1963, toile d’ombre et de compassion, Berta est internée et Wilhelm son ex-mari lui rend visite. L’égrégore est une passerelle. Rien n’est figé et bien au-delà de la visite conventionnelle, il y a la teneur sentimentale, ce qui résiste au vent des douleurs et des psychoses infinies. On ressent de suite la latitude de ce qui ne peut mourir à la vie. Wilhelm s’est remarié avec la meilleure amie de Berta, Wilhelmine.

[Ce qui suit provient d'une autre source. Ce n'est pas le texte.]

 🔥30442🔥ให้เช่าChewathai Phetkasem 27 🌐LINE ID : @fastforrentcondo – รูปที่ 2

« Un homme te fait une promesse et tu es perdue. » La litanie de Berta, son regain et ses déceptions immanquables. Berta dans la chambre 66, le poids des choses sur sa poitrine et la parole perdue, égarée dans les limbes intestines.
Le récit est un kaléidoscope qui refoule le temps, résurgence du passé où Berta vivait avec les siens, ses enfants, Berta : le même prénom et Rudolf. L’âpreté relationnelle, Berta est en proie à la lassitude de la grisaille. Elle rêve haut, somme ses enfants du poids des choses.

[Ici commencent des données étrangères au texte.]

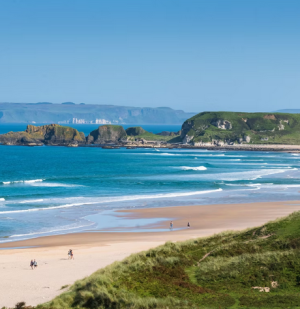 Allihies Holiday Homes 3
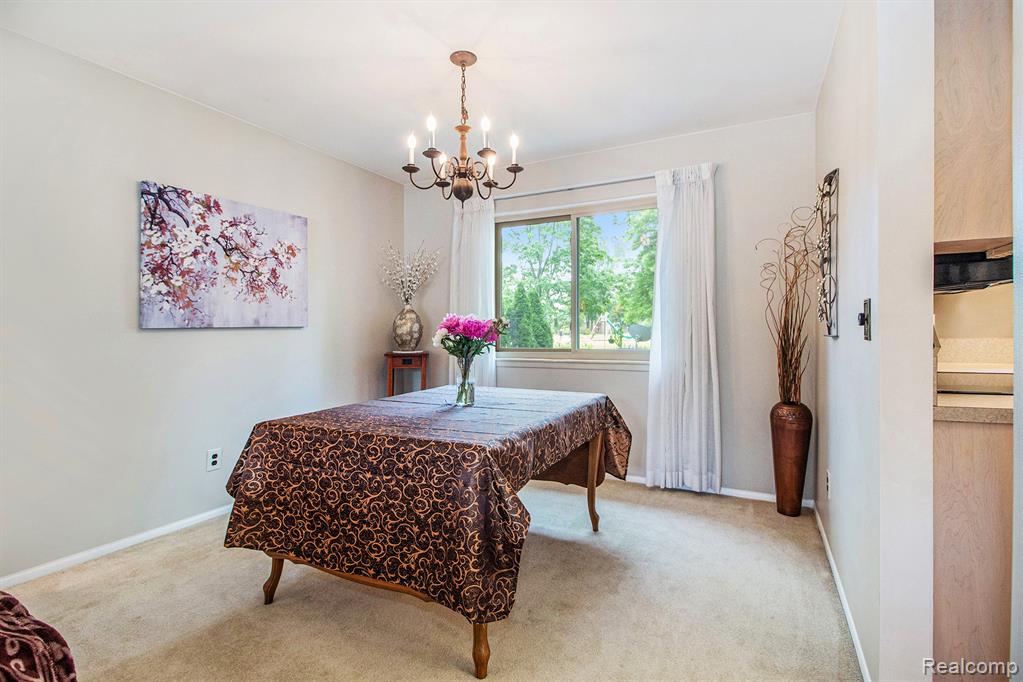 43863 Brandywyne Road, Canton, MI 48187 — Photo 17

« Le poids des choses, la vie même n’ont plus aucune prise sur elle quand elle dort. Voilà. Le sommeil éloigne tout. Tout et tout le monde. »
Wilhelm, la guerre encore sur ses épaules, lui qui a fait la promesse à son alter-égo mort en pleine guerre, un enfant de lui dans le ventre de Berta. Rudolf qui en jouera jusqu’au bout de la nuit, grincements de dents. Ici, pas d’amour pour une mère, mais des paroles acides, le poids des choses. Berta (fille) « bercée dans le royaume du silence « , pourtant rebelle et assassine.

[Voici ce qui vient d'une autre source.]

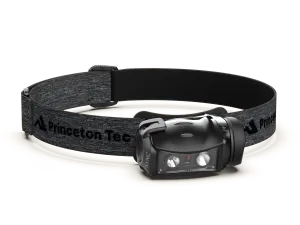 Princeton Tec Sync 300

« C’est ça. Nous sommes trop futiles tous les trois, trop superficiels. C’est cette intériorité qui nous fait défaut, nous n’avons pas la foi. »
Ce récit d’une beauté inouïe est vif et serré comme un café fort. La décadence d’une famille abîmée et meurtrie par la violence d’une quête de sérénité qui n’advient pas. Marianne Fritz délivre un roman sur la folie et les douleurs infinies. Superbe dans son écorce, saisissant par son intrinsèque, « et deux cas désespérés, décida Berta au cours de cette longue nuit, c’est deux fois plus lourd à porter. »
« Le temps de la guerre » creuse son sillon, et son symbole souffle des murmures sur les lèvres de Berta. Lumineuse, le poids des choses, l’incomprise qui conversait avec ce qui ne peut se voir au grand jour. Ce livre admirable, acide et bouleversant est un chef-d’œuvre avéré. Le premier roman d’une romancière de renom autrichienne (1948-2007) doté du prix Robert Walser (-19678) et le prix Franz Kafka (2001). Avant-gardiste, décalé, libre, ce grand livre est une gageure littéraire. Berta et son aura immense et inoubliable.
Traduit à la perfection de l’allemand (Autriche) par Stéphanie Lux, les Éditions Le Quartanier éditeur viennent de mettre au monde un roman boréal, inestimable.